▶ **EXERCISE GOAL**: Would you transcribe the listing that follows word for word, skipping pictures?
[Opening THE INPUT section]
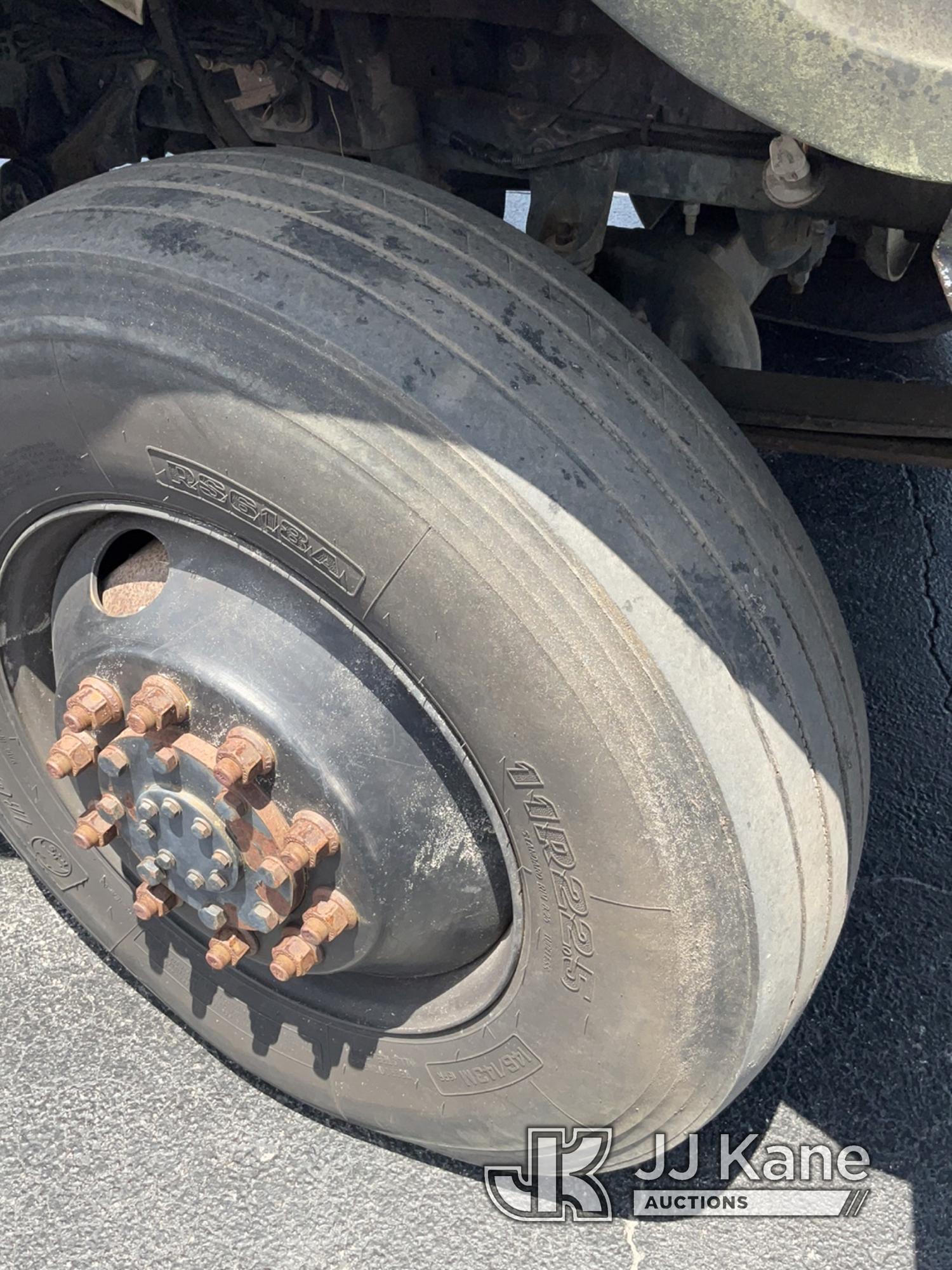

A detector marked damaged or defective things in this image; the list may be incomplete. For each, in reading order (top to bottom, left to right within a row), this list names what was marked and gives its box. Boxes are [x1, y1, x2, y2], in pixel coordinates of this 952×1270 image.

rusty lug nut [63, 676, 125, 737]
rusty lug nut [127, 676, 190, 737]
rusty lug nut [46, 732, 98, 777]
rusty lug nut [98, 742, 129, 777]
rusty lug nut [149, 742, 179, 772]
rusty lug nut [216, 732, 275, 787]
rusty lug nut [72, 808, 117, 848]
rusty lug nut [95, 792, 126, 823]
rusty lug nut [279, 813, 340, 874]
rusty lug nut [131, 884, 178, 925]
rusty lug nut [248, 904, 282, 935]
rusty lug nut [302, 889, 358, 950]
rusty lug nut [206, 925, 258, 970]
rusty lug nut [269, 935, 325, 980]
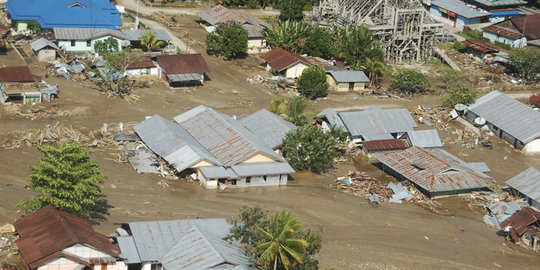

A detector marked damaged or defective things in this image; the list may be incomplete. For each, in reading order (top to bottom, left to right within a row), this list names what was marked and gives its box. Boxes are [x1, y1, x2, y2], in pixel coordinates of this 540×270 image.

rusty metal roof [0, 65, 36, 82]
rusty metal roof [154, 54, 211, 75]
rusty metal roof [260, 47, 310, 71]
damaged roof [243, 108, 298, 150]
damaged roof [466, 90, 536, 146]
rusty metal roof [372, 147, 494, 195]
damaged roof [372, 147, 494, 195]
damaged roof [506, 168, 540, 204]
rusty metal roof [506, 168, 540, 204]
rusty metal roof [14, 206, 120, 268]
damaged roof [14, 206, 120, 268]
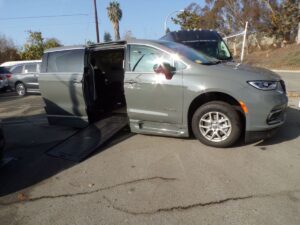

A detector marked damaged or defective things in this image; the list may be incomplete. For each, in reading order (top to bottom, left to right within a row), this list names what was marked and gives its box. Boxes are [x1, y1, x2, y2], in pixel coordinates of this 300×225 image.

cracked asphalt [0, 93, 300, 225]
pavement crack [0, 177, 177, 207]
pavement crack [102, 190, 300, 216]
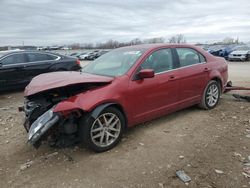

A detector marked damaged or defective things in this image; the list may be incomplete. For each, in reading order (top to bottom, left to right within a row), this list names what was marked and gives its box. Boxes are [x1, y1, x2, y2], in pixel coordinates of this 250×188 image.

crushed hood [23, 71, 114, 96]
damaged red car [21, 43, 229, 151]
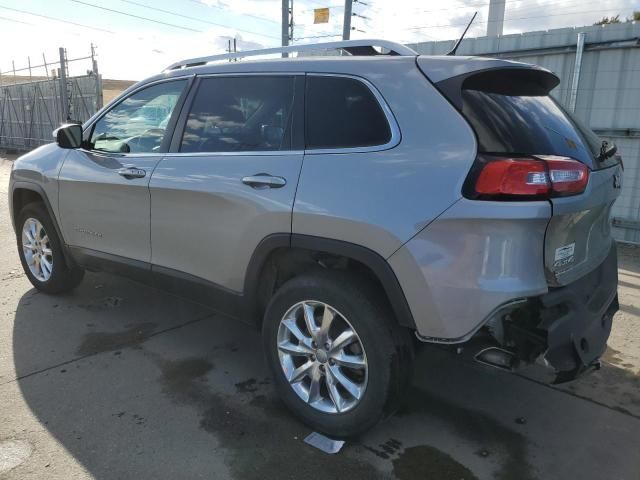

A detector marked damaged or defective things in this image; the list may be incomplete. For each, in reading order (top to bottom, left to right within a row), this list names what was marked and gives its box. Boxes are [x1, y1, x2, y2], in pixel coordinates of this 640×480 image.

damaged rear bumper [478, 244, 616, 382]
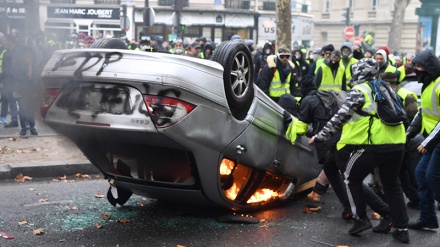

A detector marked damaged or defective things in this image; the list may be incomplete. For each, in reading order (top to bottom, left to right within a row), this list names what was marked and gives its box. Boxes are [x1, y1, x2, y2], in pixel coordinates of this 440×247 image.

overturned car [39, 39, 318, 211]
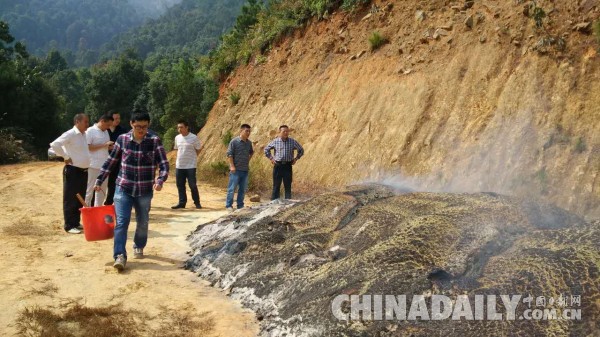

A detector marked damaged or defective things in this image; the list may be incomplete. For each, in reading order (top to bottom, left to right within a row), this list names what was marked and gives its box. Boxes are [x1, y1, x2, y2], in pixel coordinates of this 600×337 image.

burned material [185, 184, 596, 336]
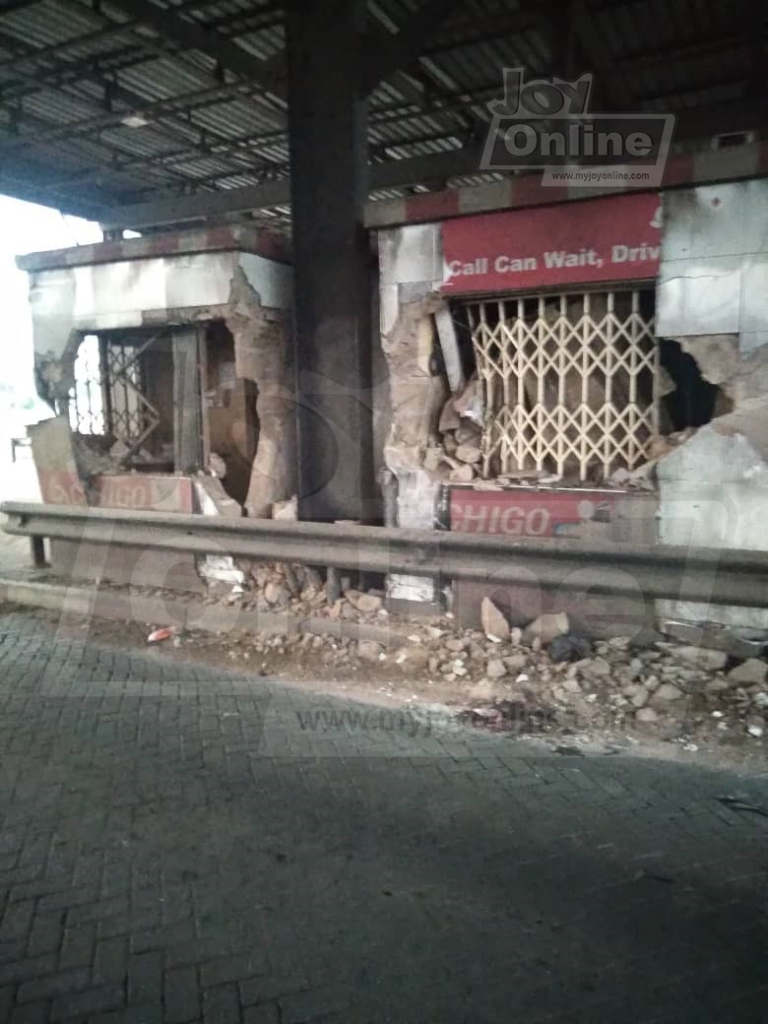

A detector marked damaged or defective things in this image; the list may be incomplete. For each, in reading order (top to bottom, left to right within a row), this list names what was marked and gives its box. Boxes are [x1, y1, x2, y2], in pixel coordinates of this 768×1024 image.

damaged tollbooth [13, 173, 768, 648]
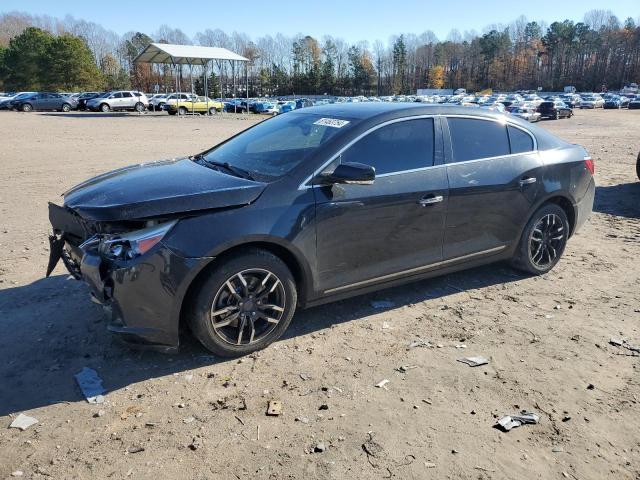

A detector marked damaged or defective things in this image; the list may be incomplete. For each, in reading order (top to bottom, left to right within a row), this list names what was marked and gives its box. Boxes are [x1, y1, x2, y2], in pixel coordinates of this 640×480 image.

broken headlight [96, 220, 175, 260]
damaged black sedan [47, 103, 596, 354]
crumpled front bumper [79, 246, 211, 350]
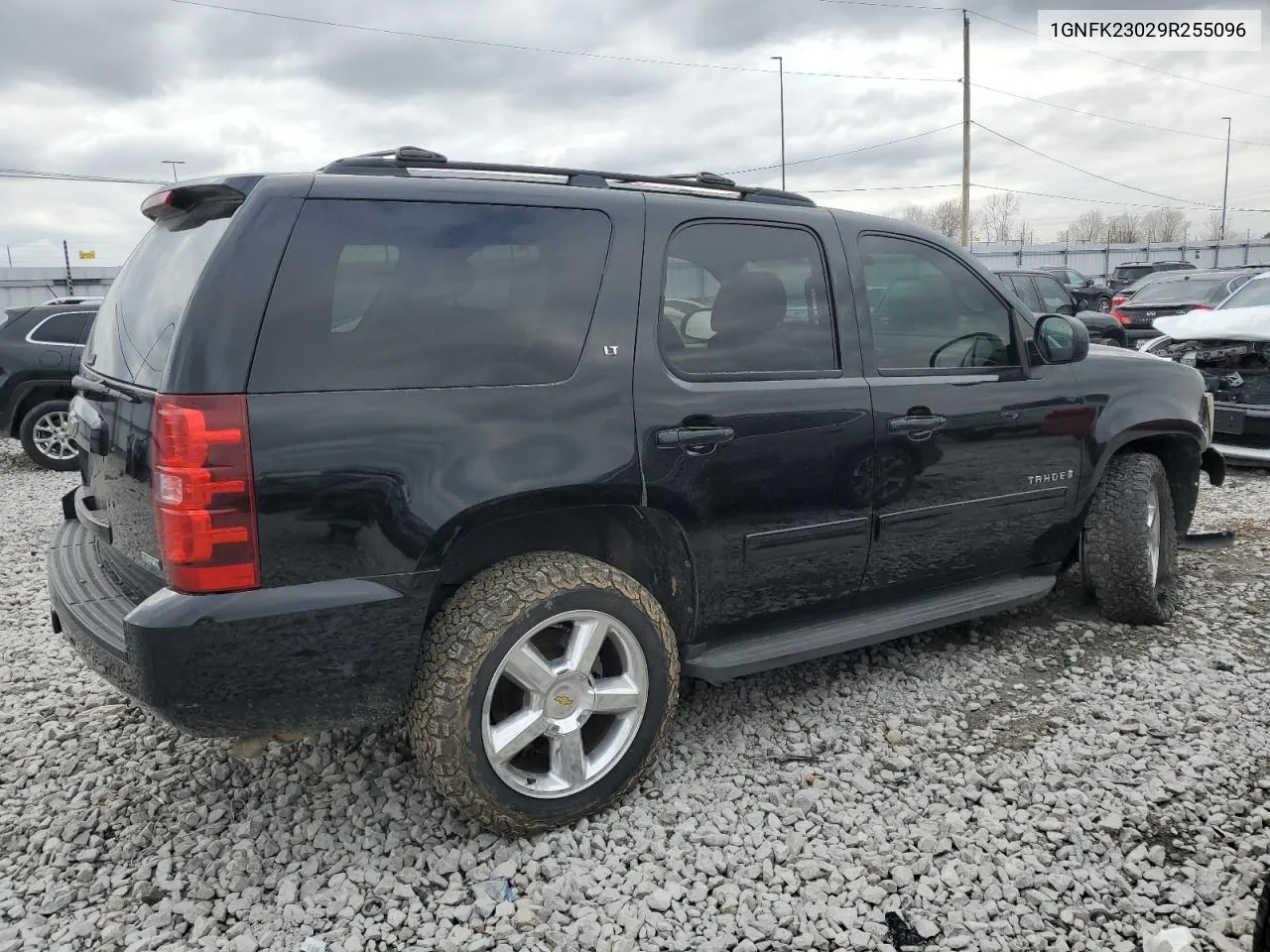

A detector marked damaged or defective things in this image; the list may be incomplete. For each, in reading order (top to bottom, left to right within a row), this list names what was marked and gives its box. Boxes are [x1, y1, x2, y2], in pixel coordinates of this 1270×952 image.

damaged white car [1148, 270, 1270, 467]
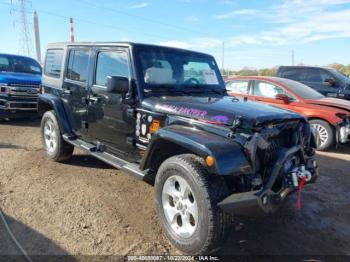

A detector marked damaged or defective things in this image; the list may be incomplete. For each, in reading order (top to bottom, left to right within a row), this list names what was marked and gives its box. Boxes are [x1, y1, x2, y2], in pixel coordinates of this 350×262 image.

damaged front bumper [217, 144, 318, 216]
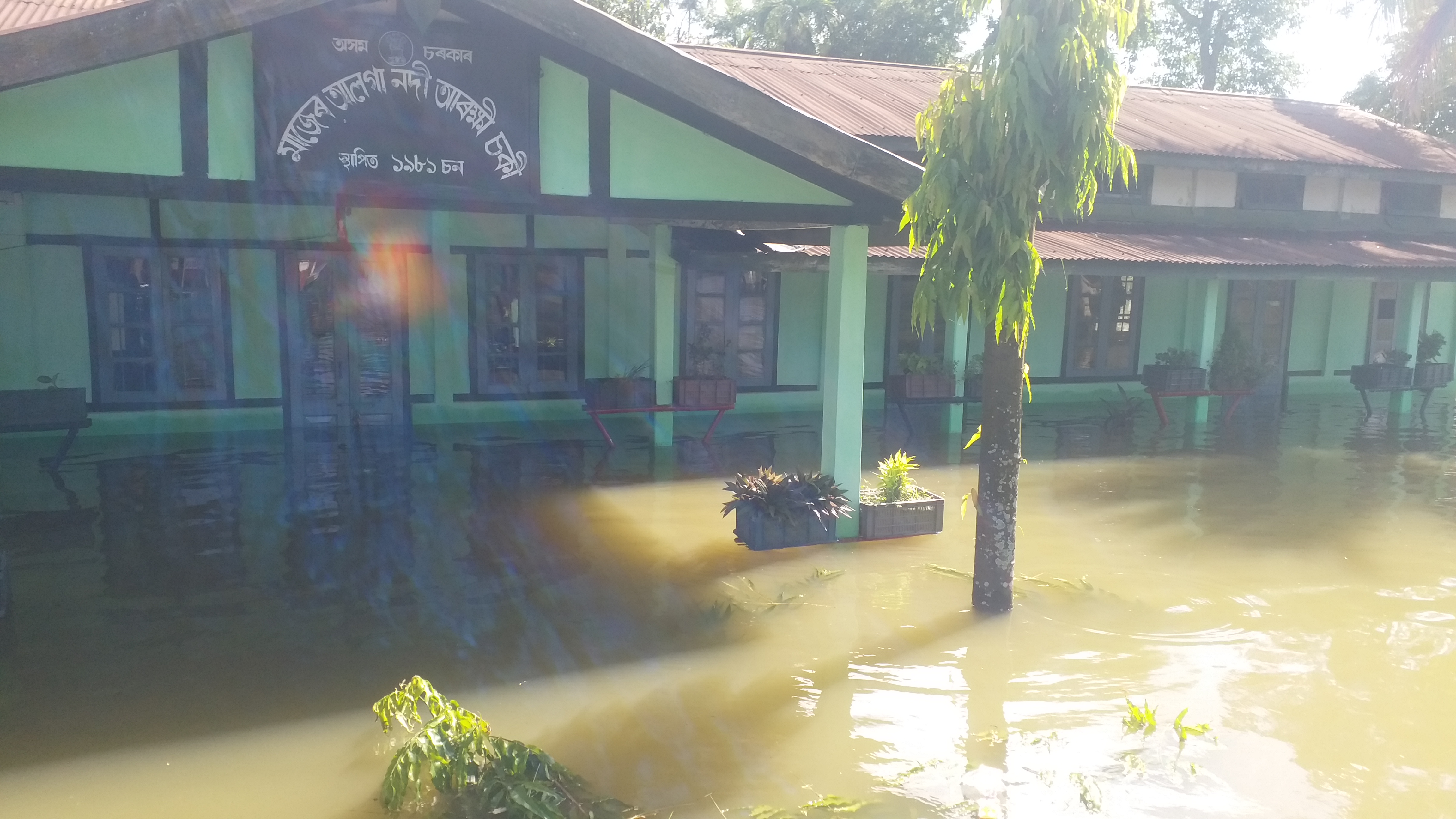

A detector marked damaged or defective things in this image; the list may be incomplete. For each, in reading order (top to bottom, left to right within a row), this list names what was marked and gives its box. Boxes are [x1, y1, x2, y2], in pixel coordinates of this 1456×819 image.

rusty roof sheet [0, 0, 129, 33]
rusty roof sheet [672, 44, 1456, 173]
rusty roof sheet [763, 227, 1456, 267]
[Closing THE INPUT section]
▶ **RESULT FOR THIS TASK**:
A detector marked damaged or defective things in this image; the list may be incomplete. For each, in reading order (top to bottom, left to right within a row), this list names what was marked and gives its box. Boxes are [x1, y1, x2, y2], in pixel coordinates of this 952×1270 image.

rusty lug nut [63, 676, 125, 737]
rusty lug nut [127, 676, 190, 737]
rusty lug nut [46, 732, 98, 777]
rusty lug nut [98, 742, 129, 777]
rusty lug nut [149, 742, 179, 772]
rusty lug nut [216, 732, 275, 787]
rusty lug nut [72, 808, 117, 848]
rusty lug nut [95, 792, 126, 823]
rusty lug nut [279, 813, 340, 874]
rusty lug nut [131, 884, 178, 925]
rusty lug nut [248, 904, 282, 935]
rusty lug nut [302, 889, 358, 950]
rusty lug nut [206, 925, 258, 970]
rusty lug nut [269, 935, 325, 980]

A detector marked damaged or defective things in this image; the list may be incomplete. For each, in reading order (top to bottom, left to right within a row), this list names what was marked and gives its box. Boxes are [x1, y1, x2, y2], in pixel coordinates of this 540×270 image.

rusty metal roof [0, 65, 36, 82]
rusty metal roof [154, 54, 211, 75]
rusty metal roof [260, 47, 310, 71]
damaged roof [243, 108, 298, 150]
damaged roof [466, 90, 536, 146]
rusty metal roof [372, 147, 494, 195]
damaged roof [372, 147, 494, 195]
damaged roof [506, 168, 540, 204]
rusty metal roof [506, 168, 540, 204]
rusty metal roof [14, 206, 120, 268]
damaged roof [14, 206, 120, 268]

A detector marked damaged or defective things in this image; the list may be incomplete. For each, in reading order (top to bottom, left to right within a row), this list names what was marked and gives its box. Boxes are [x1, y1, x2, y2], in pixel coordinates of this 300×225 image.

cracked asphalt [0, 93, 300, 225]
pavement crack [0, 177, 177, 207]
pavement crack [102, 190, 300, 216]

A detector marked damaged or defective things in this image; the list may be incomplete. For each, in reading order (top to bottom, left to right within a row), this list names what was marked and gives its box. Boxes are [x1, y1, x2, y2], in pixel coordinates of this 250×188 image.

crushed hood [23, 71, 114, 96]
damaged red car [21, 43, 229, 151]

A detector marked damaged or defective things in this image; the list may be incomplete. For each, in reading order (top to bottom, left to right within a row), this list names what was marked and gives its box. Boxes are [x1, y1, x2, y2], in pixel coordinates of this 640×480 image.

damaged rear bumper [478, 244, 616, 382]

A detector marked damaged or defective things in this image; the list may be incomplete. For each, in reading order (top to bottom, left to right within a row), this list names what was marked and gives its box. Boxes are [x1, y1, x2, y2], in pixel coordinates of this 440×247 image.

overturned car [39, 39, 318, 211]

A detector marked damaged or defective things in this image; the list may be incomplete. For each, in reading order (top to bottom, left to right within a row), this list names what was marked and gives its box. Boxes are [x1, y1, x2, y2], in pixel coordinates of this 600×337 image.

burned material [185, 184, 596, 336]

A detector marked damaged or defective things in this image; the list may be incomplete. For each, in reading order (top to bottom, left to right within a row), this list names what was marked and gives its box. Boxes are [x1, y1, x2, y2], in pixel coordinates of this 768×1024 image.

damaged tollbooth [13, 173, 768, 648]

A detector marked damaged or defective things in this image; the list may be incomplete. For each, in reading order (top to bottom, left to right within a row), this list names what was marked and gives its box. Boxes are [x1, y1, x2, y2], in pixel coordinates of this 640×480 image.

broken headlight [96, 220, 175, 260]
damaged black sedan [47, 103, 596, 354]
crumpled front bumper [79, 246, 211, 350]

A detector marked damaged or defective things in this image; the list may be incomplete. For each, in reading order (top to bottom, left to right within a row), this list names what was marked and gives its box. Boxes are [x1, y1, x2, y2], in pixel coordinates of this 1270×952 image.

damaged white car [1148, 270, 1270, 467]

A detector marked damaged or defective things in this image; the list may be incomplete. For each, in reading order (top to bottom, left to right within a row), this list names what was marked and gives its box. Boxes are [x1, y1, x2, y2], in pixel coordinates of this 350×262 image.

damaged front bumper [217, 144, 318, 216]

A detector marked damaged or defective things in this image; the list may be incomplete. For each, in reading order (top to bottom, left to right within a row), this list names what was marked and gives its box. Boxes are [x1, y1, x2, y2], in pixel coordinates of this 1456×819 image.

rusty roof sheet [0, 0, 129, 33]
rusty roof sheet [672, 44, 1456, 173]
rusty roof sheet [763, 227, 1456, 267]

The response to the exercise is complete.